Die von seiner Regierung immer wieder vorgebrachte Begründung lautet, dass Großbritanniens hohe Impfrate, bei der zwei Drittel der erwachsenen Bevölkerung vollständig geimpft sind, den Zusammenhang zwischen Coronavirus-Infektionen und Krankenhausaufenthalten geschwächt hat, selbst bei dem dramatischen Anstieg der Fälle im Zusammenhang mit der Delta-Variante.

“Ich denke, was die Wissenschaftler sagen, ist [that] Dies ist das richtige Datum oder so gut wie jedes andere Datum, um dies zu tun”, sagte Johnson während einer Pressekonferenz am 12. Juli.

“Fahrlässig und rücksichtslos”

Das ist nicht der wissenschaftliche Konsens, so Deepti Gurdasani, ein klinischer Epidemiologe und leitender Dozent an der Queen Mary University of London, der den Schritt als “völlig fahrlässig und rücksichtslos” bezeichnete.

Sie ist eine der Unterzeichnerinnen eines im Lancet veröffentlichten Briefes von mehr als 100 Wissenschaftlern und Ärzten, der den Wiedereröffnungsplan der Regierung als „gefährliches und unethisches Experiment“ bezeichnete.

Es wird auch ein verwirrendes Experiment für diejenigen sein, die versuchen, durch die Regeln zu navigieren. Der Londoner Bürgermeister Sadiq Khan kündigte letzte Woche an, dass er das obligatorische Maskenmandat für die U-Bahn, Busse und Straßenbahnen der Stadt beibehalten wird, und andere Bürgermeister in ganz England erwägen ähnliche Schritte für lokale Dienste.
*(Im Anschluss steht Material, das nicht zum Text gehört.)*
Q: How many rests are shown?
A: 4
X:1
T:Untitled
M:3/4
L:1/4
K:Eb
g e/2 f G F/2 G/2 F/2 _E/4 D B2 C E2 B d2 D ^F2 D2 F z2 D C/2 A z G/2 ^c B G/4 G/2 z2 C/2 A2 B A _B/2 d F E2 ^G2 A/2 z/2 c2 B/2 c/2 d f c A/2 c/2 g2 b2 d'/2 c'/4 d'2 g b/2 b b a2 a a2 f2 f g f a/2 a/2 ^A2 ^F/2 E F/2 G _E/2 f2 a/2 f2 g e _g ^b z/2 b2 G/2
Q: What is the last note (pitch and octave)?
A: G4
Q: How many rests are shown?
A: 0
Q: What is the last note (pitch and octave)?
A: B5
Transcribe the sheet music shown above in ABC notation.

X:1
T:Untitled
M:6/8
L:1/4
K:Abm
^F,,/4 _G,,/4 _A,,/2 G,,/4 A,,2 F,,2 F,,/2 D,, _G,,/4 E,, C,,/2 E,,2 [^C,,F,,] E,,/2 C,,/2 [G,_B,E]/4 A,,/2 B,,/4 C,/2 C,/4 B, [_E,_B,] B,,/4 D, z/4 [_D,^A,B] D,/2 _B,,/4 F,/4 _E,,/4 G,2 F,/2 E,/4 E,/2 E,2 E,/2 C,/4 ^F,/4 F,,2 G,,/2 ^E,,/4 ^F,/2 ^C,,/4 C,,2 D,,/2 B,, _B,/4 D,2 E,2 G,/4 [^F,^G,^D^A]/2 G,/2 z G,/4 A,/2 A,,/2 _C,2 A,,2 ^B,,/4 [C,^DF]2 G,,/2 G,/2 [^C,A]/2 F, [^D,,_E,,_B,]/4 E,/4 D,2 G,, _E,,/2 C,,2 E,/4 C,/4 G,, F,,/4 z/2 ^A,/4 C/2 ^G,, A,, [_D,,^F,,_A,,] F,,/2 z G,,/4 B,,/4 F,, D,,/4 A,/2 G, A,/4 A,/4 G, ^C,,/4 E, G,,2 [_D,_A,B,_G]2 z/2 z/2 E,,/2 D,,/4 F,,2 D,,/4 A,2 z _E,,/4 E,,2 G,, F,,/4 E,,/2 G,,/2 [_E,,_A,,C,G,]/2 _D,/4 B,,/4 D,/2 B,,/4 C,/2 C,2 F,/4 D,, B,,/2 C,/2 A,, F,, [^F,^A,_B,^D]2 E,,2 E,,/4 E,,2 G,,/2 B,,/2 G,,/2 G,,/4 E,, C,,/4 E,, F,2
Gurdasani sagte, andere Länder müssten schockiert zusehen, was sie Englands “Lass-it-Rip-Politik” nannte, und besorgt über die Bedrohung, die sie für die globalen Infektionsraten darstellen könnte.

„Dies ist im Wesentlichen eine Herdenimmunität durch Infektion für etwa die Hälfte der Bevölkerung“, sagte sie gegenüber CBC und betonte, dass ein starker Anstieg der Infektionen, auch wenn er nicht zu so vielen Todesfällen führt, mit Sicherheit zu einem Anstieg der Erkrankten führen würde lange COVID, eine Erkrankung, über die Ärzte noch sehr wenig wissen.

“Warum in aller Welt wir unsere Jungen diesen Risiken aussetzen, ist aus jeder Perspektive, sei es ethisch oder wissenschaftlich, sehr schwer zu verstehen oder zu rechtfertigen.”